Novartis is teaming up with Grammy-nominated singer, film and Broadway star Jordin Sparks and the Sickle Cell Disease Association of America, Inc. (SCDAA) to launch Generation S, a national sickle cell disease (SCD) storytelling project that will help rewrite the SCD story for generations to come. Generation S encourages anyone touched by SCD to help inspire the sickle cell community and educate the nation by sharing their story.
“Although I didn’t have the honor of knowing her throughout her journey, my stepsister Bryanna battled sickle cell disease her entire life,” said Jordin. “Even though we were stepsisters for a short period of time, it was the closest I’ve ever come to the disease and its struggles. I hope that Generation S will help to change how we think about sickle cell and I am proud to lend my voice to our collective stories.”
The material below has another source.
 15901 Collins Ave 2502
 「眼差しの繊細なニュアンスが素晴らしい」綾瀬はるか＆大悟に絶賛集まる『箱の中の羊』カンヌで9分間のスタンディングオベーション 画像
People can go to JoinGenS.com to share their experiences with sickle cell disease starting today through the end of November as written stories, photos, or audio or video recordings. Submissions will start to be shared later in the fall, and the collection of stories from around the country will come to life in Feb. 2019. A few participants will also have the opportunity to meet Jordin in person and to work with a professional storyteller on a video to capture their personal experience with sickle cell disease.
“Through Generation S, we hope to help people understand more about sickle cell disease, including their family genetic risk factors for passing the disease on to their children,” said Beverley Francis-Gibson, president and chief executive officer of SCDAA. “We are thankful for the opportunity to work with Novartis to share powerful stories about sickle cell disease that too often have gone unheard.”
While SCD is considered a rare disease, it is one of the most common genetic disorders in the U.S., and nearly 100,000 Americans are living with the condition.1,2 SCD is a lifelong condition that causes ongoing damage to blood vessels and organs.3 While people of all ethnicities can have the disease, people of African descent are disproportionately affected.4 People with SCD often experience recurrent episodes of acute, severe pain, which can eventually become chronic.5 Importantly, pain is more than a physical symptom—it can impact emotional and social wellbeing.6
“Working with the sickle cell community, we hope to educate people about the disease and raise awareness of the significant impact it has on the lives of patients and their loved ones,” said Ameet Mallik, executive vice president and head, U.S. Oncology at Novartis. “In partnership with SCDAA and Jordin Sparks, our goal is to inspire people who are touched by this difficult condition to help them to lead strong, vibrant lives.”
1. Mandal A, Leger R, Graham L, et al. An overview of human genetic disorders with special reference to African Americans. Journal of Bioprocessing & Biotechniques. 2015 October 27. Doi:10.4172/2155-9821.1000e139.
2. American Society of Hematology. State of sickle cell disease 2016 report. Available from:http://www.scdcoalition.org/pdfs/ASH%20State%20of%20Sickle%20Cell%20Disease%202016%20Report.pdf. Accessed on July 17, 2018.
3. Steinberg M. Management of sickle cell disease. N Engl J Med. 1999;340(13):1021-1030.
4. Jain D, Lothe A, Roshan C. Sickle cell disease: current challenges. Journal of Hematology & Thromboembolic Diseases. 2015 Nov 10. Doi: 10.4172/2329-8790.1000224.
5. Adams-Graves P, Bronte-Jordan L. Recent treatment guidelines for managing adult patients with sickle cell disease: challenges in access to care, social issues, and adherence. Expert Review of Hematology. 2016;9(6):541-552.
6. Anim M, Osafo J, Yirdong F. Prevalence of psychological symptoms among adults with sickle cell disease in Korie-Bu Teaching Hospital, Ghana. BMC Psychology. 2016;4(53):1-9.